● ENTRIES PROVIDED:
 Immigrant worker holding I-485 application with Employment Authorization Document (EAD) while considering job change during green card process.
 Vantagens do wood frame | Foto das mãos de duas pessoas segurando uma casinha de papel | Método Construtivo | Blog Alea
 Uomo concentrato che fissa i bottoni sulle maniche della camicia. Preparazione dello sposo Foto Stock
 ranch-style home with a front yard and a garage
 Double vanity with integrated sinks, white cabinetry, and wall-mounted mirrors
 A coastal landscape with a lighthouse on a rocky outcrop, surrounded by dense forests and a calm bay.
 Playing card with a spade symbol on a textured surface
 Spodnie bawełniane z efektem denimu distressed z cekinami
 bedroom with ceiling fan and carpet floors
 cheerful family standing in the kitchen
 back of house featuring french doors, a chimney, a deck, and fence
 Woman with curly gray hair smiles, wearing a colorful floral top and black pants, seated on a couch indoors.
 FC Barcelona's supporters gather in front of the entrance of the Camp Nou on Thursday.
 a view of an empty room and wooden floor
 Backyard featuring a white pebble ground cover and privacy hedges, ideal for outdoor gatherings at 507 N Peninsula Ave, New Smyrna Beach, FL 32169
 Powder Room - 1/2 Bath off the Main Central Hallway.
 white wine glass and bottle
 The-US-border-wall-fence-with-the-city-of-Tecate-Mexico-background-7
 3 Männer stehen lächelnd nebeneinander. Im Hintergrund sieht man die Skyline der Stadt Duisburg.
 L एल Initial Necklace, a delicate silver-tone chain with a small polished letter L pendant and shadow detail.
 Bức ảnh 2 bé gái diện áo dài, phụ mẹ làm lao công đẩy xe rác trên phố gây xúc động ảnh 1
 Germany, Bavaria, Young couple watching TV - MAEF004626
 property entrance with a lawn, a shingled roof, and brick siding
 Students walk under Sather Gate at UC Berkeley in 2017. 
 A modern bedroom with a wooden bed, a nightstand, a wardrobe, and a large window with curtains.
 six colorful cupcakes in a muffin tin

● HOW TO COMPLETE THIS TASK:
Within the material above, transcribe exactly the lines that run from the line holding "Playing card with" through the line holding "Backyard featuring a".

● ANSWER TO THIS TASK:
 Playing card with a spade symbol on a textured surface
 Spodnie bawełniane z efektem denimu distressed z cekinami
 bedroom with ceiling fan and carpet floors
 cheerful family standing in the kitchen
 back of house featuring french doors, a chimney, a deck, and fence
 Woman with curly gray hair smiles, wearing a colorful floral top and black pants, seated on a couch indoors.
 FC Barcelona's supporters gather in front of the entrance of the Camp Nou on Thursday.
 a view of an empty room and wooden floor
 Backyard featuring a white pebble ground cover and privacy hedges, ideal for outdoor gatherings at 507 N Peninsula Ave, New Smyrna Beach, FL 32169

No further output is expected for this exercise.